Que-8: Find the equations of the line joining the points (a) A(1,1) and B(2,3) (b) P(3,3) and Q(7,6) (c) L(a,b) and M(b,a)
Sol: (a) The equation between two points is
y-y1 = {(y2-y1)/(x2-x1)} (x-x1)
Points are A(1,1) and B(2,3)
y-1 = {(3-1)/(2-1)} (x-1)
y-1 = 2(x-1)
y-1 = 2x-2
2x-y-1 = 0.
(b) The equation between two points is
y-y1 = {(y2-y1)/(x2-x1)} (x-x1)
Points are P(3,3) and Q(7,6)
y-3 = {(6-3)/(7-3)} (x-3)
y-3 = (3/4) (x-3)
4y-12 = 3x-9
3x-4y+3 = 0.
(c) The equation between two points is
y-y1 = {(y2-y1)/(x2-x1)} (x-x1)
Points are L(a,b) and M(b,a)
y-b = {(a-b)/(b-a)} (x-a)
y-b = -1 (x-a)
y-b = -x+a
x+y = a+b.
Que-9: The line represented by 3x+4y = 8 and px+2y = 7 are parallel. Find the value of p.

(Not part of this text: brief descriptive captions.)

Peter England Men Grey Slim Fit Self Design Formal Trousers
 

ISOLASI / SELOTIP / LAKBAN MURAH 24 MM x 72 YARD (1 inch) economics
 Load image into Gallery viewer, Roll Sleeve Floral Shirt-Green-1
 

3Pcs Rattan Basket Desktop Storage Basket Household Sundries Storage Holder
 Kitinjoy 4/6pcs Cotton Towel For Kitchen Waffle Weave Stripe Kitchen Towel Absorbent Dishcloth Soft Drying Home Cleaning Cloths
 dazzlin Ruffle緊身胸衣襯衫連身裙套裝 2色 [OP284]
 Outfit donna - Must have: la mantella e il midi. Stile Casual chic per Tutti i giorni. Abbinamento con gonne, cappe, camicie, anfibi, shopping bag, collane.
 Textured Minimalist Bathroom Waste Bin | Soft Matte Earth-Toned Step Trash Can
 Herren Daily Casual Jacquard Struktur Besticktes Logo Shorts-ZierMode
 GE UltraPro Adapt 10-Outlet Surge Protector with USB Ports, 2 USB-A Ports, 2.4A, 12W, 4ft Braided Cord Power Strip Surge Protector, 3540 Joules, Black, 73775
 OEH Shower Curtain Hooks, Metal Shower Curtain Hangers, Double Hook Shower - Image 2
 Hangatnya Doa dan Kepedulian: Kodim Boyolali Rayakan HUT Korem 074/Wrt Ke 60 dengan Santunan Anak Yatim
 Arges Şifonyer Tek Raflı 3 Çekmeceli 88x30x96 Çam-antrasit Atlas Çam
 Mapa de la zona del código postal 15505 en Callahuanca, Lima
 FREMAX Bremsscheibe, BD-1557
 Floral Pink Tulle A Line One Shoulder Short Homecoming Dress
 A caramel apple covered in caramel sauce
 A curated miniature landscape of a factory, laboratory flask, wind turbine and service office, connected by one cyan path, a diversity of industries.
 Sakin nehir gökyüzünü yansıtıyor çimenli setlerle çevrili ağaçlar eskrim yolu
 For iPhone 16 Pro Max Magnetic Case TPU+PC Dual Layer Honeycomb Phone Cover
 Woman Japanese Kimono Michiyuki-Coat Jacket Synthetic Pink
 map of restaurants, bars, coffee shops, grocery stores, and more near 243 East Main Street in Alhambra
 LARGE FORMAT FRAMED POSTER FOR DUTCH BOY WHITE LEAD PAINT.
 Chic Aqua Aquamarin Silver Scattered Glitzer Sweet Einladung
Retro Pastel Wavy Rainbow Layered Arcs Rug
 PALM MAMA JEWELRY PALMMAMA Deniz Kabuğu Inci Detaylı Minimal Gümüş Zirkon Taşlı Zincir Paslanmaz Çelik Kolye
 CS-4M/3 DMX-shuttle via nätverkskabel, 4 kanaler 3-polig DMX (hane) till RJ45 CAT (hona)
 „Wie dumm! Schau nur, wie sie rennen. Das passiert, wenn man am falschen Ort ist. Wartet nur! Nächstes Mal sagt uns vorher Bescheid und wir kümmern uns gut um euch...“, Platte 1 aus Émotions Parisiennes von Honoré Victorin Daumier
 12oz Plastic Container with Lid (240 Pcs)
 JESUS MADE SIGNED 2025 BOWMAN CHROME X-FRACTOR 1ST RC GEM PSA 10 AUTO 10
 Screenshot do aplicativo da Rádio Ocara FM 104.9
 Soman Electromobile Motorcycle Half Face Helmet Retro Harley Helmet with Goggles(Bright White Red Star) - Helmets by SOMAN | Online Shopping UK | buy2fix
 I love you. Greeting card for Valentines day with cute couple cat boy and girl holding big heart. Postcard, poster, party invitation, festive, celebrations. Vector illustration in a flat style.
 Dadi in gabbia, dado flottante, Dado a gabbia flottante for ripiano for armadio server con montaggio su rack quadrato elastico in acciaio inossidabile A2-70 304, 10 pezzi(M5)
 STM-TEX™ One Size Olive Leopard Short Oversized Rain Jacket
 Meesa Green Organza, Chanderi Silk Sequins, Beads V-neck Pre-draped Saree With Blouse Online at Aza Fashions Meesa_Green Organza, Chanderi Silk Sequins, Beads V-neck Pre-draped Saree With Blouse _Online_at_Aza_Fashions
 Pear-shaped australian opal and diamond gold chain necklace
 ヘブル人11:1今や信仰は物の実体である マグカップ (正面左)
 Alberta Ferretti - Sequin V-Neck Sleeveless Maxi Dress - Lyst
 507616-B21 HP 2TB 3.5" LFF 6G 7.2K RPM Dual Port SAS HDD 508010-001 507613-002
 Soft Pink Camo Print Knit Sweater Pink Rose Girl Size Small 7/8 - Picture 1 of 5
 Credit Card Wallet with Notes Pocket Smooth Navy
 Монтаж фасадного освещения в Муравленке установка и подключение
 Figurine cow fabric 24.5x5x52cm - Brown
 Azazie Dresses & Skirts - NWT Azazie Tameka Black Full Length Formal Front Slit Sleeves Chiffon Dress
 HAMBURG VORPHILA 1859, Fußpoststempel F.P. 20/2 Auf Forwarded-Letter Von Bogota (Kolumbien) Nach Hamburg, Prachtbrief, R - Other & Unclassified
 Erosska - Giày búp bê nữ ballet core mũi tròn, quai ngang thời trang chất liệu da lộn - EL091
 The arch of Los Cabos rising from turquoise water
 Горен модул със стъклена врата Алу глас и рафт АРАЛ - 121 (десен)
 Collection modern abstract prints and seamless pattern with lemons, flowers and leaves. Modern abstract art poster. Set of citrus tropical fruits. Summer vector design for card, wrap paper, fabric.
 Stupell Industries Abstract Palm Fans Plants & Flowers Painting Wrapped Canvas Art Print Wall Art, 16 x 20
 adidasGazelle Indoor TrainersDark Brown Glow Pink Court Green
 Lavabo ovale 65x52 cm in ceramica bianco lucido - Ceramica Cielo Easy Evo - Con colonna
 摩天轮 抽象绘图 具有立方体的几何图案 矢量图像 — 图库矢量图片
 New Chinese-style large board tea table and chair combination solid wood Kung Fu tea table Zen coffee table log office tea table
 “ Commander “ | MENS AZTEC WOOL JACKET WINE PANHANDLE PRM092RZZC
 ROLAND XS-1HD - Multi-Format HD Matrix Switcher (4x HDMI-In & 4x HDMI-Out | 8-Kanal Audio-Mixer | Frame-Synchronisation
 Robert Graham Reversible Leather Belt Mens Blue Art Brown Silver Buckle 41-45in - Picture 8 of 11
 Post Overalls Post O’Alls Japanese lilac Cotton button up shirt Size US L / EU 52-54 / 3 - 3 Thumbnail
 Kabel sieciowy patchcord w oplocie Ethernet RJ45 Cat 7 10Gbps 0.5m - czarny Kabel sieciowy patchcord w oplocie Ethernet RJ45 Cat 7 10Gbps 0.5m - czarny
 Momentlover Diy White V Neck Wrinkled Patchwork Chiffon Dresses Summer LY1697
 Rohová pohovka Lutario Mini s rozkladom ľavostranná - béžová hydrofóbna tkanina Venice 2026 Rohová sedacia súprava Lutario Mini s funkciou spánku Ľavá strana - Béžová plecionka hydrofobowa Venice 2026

Sol: Slope of line 3x+4y = 8
= 4y = -3x+8
= y = -3x/4 + 2
m1 = -3/4
Slope of line px+2y = 7
= 2y = -px+7
= y = -px/2 + 7/2
m2 = -p/2
If the lines are parallel then the slope are equal
m1 = m2
-3/4 = -p/2
p = (3×2)/4
p = 3/2.
Que-10: The coordinates of two points E and F are (0,4) and (3,7) respectively. Find : (i) the gradient of EF (ii) the equation of EF (iii) the coordinates of a point where the line EF intersects the x-axis.
Sol: coordinates of two points E and F are (0,4) and (3,7)
(i) slope (m) = (y2-y1)/(x2-x1)
m = (7-4)/(3-0) = 3/3 = 1
gradient = 1.
(ii) the equation of EF =
Y−7 = 1(x−3)
Y−7 = x−3
x−y+4 = 0
(iii) the coordinates of point where EF intersects the x-axis
Y = 0
∴ x+4 = 0
⇒ x = −4
coordinates are (−4,0)
Que-11: P, Q, R have coordinates (-2,1), (2,2) and (6,-2) respectively. Write down : (i) the gradient of QR (ii) the equation of the line through P perpendicular to QR
Sol: (i) Gradient of QR (m) = (y2-y1)/(x2-x1)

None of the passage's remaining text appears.